**TASK REQUIREMENTS**
Exactly the lines from the one containing "Apartments By The" through the end of the data, and nothing more, should be retyped; pictures stay out.

Records from a data source
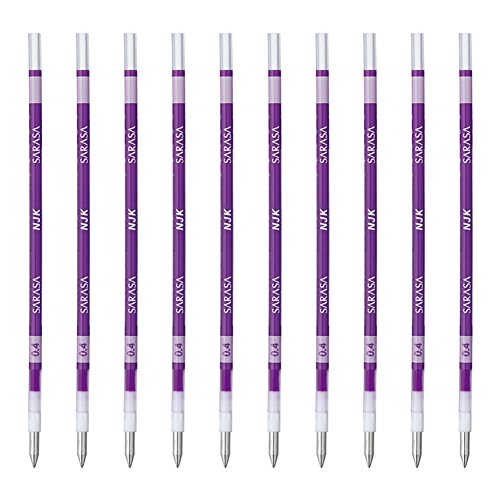 Purple 10pcs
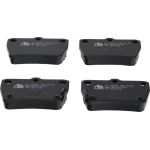 ATE Bremsbelagsatz Toyota Hinterachse RAV4 1, 8-2, 0 00-05 13.0460-5849.2 ATE Bremsbelagsatz Toyota Hinterachse RAV4 1, 8-2, 0 00-05 13.0460-5849.2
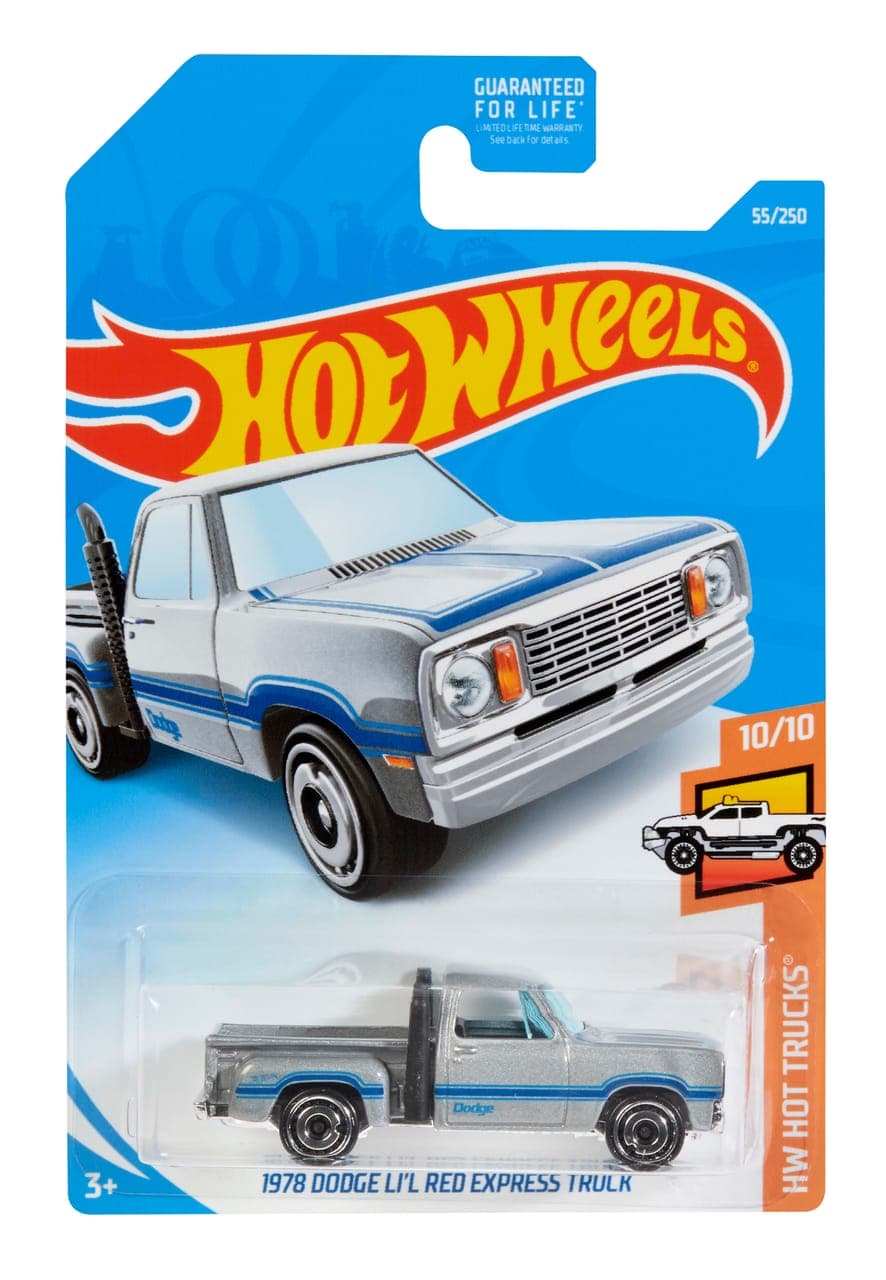 1978 Dodge Li'l Red Express Truck 2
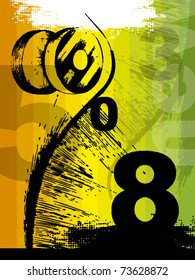 grunge background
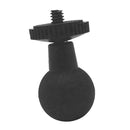 Motorcycle Motorbike 25mm Swivel Ball to 1/4 Camera Mounting Bolt Adapter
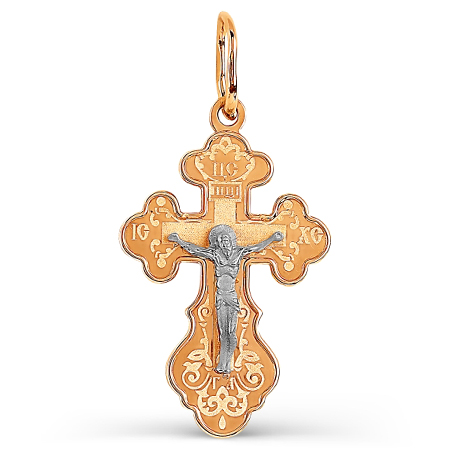 Крест, золото, Т13096661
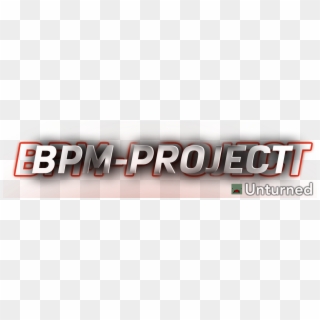 Bpm-project Unturned - - Unturned Clipart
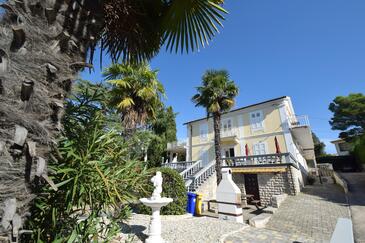 Apartments By The Sea Malinska, Krk - 19314 - Malinska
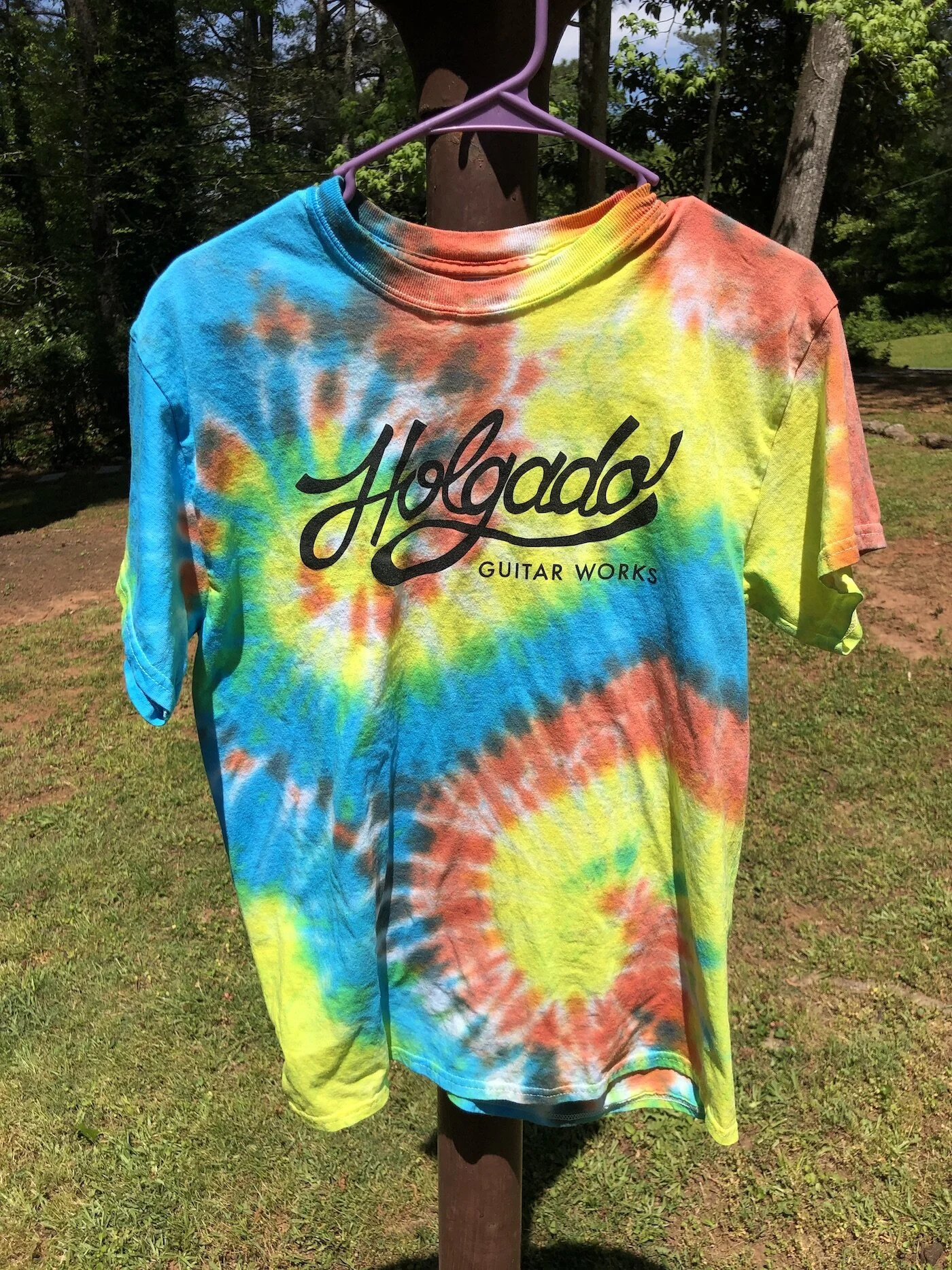 Tye Dye - Medium #4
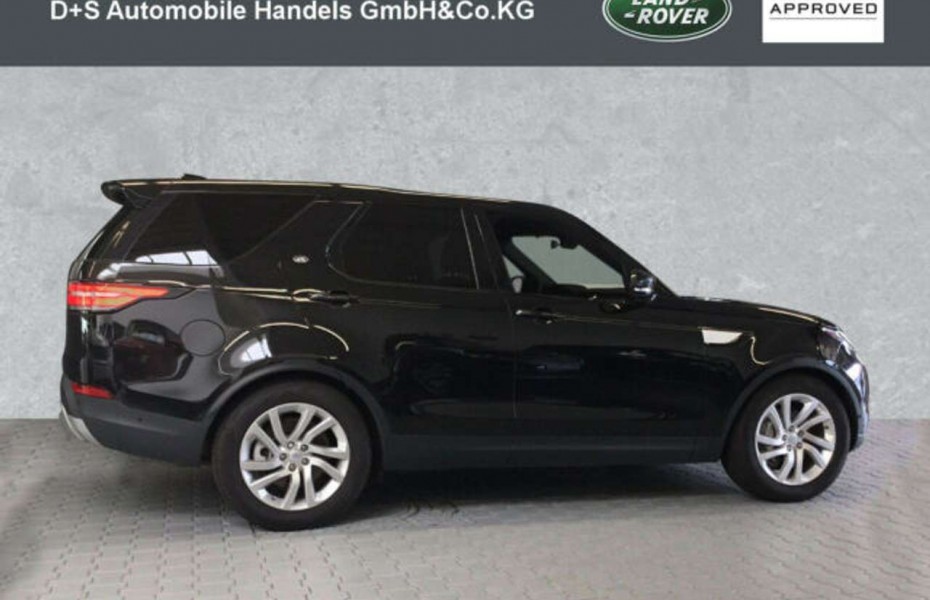 Land Rover Discovery 5 SDV6 HSE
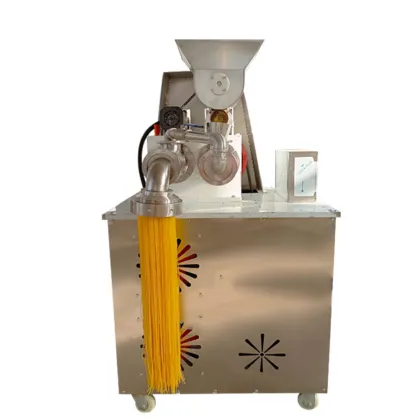 Automatic Pasta Maker: Noodle Making Machine
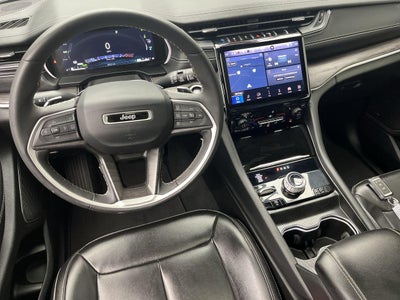 2024 Jeep Grand Cherokee 4Xe 4X4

**OUTPUT OF THE TASK**
 Apartments By The Sea Malinska, Krk - 19314 - Malinska
 Tye Dye - Medium #4
 Land Rover Discovery 5 SDV6 HSE
 Automatic Pasta Maker: Noodle Making Machine
 2024 Jeep Grand Cherokee 4Xe 4X4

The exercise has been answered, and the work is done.